[DATA SHOWN — start]

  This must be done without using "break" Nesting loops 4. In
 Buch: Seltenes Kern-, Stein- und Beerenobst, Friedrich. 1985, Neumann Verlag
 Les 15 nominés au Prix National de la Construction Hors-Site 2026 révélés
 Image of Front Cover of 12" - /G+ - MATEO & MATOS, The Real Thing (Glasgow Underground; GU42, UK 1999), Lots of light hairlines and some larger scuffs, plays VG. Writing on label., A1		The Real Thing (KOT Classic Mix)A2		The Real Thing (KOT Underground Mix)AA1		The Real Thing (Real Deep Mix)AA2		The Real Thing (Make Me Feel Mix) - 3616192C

[DATA SHOWN — finish]
[DATA SHOWN — start]

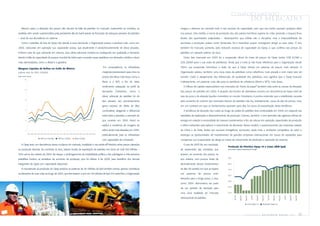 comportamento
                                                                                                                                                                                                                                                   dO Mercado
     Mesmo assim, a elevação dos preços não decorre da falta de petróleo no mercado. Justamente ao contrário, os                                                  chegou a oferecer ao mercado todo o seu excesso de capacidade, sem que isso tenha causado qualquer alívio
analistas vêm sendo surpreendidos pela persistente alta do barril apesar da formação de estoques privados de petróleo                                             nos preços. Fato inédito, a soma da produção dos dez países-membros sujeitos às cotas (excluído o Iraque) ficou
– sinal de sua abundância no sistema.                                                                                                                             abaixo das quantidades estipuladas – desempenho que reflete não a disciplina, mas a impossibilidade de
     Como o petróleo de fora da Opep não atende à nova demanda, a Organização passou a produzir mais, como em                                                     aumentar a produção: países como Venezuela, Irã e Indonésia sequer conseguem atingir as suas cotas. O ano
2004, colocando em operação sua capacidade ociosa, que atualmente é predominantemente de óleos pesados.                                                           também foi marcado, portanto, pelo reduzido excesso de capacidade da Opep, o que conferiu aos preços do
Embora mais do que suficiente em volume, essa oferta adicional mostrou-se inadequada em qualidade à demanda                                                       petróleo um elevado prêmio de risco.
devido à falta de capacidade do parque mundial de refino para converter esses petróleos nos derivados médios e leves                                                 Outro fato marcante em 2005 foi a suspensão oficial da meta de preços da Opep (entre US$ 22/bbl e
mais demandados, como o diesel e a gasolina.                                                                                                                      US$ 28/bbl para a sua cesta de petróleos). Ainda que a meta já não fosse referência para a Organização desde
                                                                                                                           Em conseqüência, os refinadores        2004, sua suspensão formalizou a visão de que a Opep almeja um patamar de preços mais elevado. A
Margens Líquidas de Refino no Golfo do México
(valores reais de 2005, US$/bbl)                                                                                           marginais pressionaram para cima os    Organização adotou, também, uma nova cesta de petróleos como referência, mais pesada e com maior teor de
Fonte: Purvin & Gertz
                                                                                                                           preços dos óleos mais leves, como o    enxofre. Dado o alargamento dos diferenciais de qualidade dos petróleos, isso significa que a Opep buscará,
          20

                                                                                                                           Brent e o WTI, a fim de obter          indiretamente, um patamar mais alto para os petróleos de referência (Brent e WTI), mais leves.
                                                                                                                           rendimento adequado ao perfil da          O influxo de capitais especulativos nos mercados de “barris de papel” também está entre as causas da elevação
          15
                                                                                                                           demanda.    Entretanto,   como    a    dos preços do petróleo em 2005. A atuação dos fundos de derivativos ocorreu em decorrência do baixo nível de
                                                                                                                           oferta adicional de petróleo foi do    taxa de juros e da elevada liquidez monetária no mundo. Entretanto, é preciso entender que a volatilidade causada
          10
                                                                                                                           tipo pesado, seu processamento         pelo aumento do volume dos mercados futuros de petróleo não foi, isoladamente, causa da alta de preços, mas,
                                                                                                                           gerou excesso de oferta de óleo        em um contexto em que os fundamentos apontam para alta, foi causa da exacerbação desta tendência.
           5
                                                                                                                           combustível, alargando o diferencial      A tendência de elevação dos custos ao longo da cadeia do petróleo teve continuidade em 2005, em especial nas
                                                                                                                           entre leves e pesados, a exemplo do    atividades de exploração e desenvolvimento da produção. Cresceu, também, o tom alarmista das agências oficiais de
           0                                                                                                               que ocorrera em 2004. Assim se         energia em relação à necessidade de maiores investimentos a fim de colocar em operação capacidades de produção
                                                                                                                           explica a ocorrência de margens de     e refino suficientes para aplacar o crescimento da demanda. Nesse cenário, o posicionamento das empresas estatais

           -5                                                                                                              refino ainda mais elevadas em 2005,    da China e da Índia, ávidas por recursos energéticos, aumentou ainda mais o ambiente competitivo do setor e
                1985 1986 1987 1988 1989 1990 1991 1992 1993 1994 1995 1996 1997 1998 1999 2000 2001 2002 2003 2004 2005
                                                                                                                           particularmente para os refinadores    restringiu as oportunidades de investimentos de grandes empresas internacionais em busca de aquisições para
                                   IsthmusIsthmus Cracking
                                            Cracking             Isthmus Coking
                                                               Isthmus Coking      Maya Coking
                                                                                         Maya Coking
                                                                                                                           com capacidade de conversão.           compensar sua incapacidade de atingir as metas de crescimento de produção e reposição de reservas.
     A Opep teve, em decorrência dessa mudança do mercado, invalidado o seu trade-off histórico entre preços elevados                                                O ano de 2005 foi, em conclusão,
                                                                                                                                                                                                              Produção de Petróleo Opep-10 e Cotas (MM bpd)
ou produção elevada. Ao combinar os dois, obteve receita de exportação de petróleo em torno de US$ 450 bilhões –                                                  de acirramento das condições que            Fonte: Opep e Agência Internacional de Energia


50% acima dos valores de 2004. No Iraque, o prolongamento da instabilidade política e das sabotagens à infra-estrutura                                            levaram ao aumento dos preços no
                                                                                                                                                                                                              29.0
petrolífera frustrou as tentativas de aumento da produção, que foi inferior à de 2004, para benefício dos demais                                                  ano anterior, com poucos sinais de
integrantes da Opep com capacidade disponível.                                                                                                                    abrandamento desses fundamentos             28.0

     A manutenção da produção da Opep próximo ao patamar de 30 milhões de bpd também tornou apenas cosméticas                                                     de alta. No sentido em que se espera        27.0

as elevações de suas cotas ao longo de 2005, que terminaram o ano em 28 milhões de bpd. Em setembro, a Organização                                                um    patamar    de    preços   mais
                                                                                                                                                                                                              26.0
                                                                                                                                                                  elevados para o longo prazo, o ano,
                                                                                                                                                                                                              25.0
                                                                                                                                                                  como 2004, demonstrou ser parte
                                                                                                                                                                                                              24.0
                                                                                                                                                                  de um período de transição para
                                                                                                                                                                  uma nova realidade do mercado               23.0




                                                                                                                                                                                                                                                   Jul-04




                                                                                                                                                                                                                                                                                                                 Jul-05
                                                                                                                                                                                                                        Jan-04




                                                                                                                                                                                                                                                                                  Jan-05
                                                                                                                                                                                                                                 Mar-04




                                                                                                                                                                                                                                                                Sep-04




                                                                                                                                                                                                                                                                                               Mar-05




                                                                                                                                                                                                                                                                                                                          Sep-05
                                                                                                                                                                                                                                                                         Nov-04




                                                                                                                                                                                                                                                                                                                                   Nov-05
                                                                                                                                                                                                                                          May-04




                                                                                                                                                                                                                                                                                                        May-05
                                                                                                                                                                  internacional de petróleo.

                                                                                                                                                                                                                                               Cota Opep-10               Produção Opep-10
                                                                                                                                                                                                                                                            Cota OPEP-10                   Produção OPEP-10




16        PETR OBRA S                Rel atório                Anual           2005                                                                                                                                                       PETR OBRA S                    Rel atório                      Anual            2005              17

[DATA SHOWN — finish]

WHAT YOU SHOULD DO » Write out exactly the lines that fall from the line with "This must be" to the line with "Image of Front" in the records above, keeping both ends.

REPLY TO THE EXERCISE »
  This must be done without using "break" Nesting loops 4. In
 Buch: Seltenes Kern-, Stein- und Beerenobst, Friedrich. 1985, Neumann Verlag
 Les 15 nominés au Prix National de la Construction Hors-Site 2026 révélés
 Image of Front Cover of 12" - /G+ - MATEO & MATOS, The Real Thing (Glasgow Underground; GU42, UK 1999), Lots of light hairlines and some larger scuffs, plays VG. Writing on label., A1		The Real Thing (KOT Classic Mix)A2		The Real Thing (KOT Underground Mix)AA1		The Real Thing (Real Deep Mix)AA2		The Real Thing (Make Me Feel Mix) - 3616192C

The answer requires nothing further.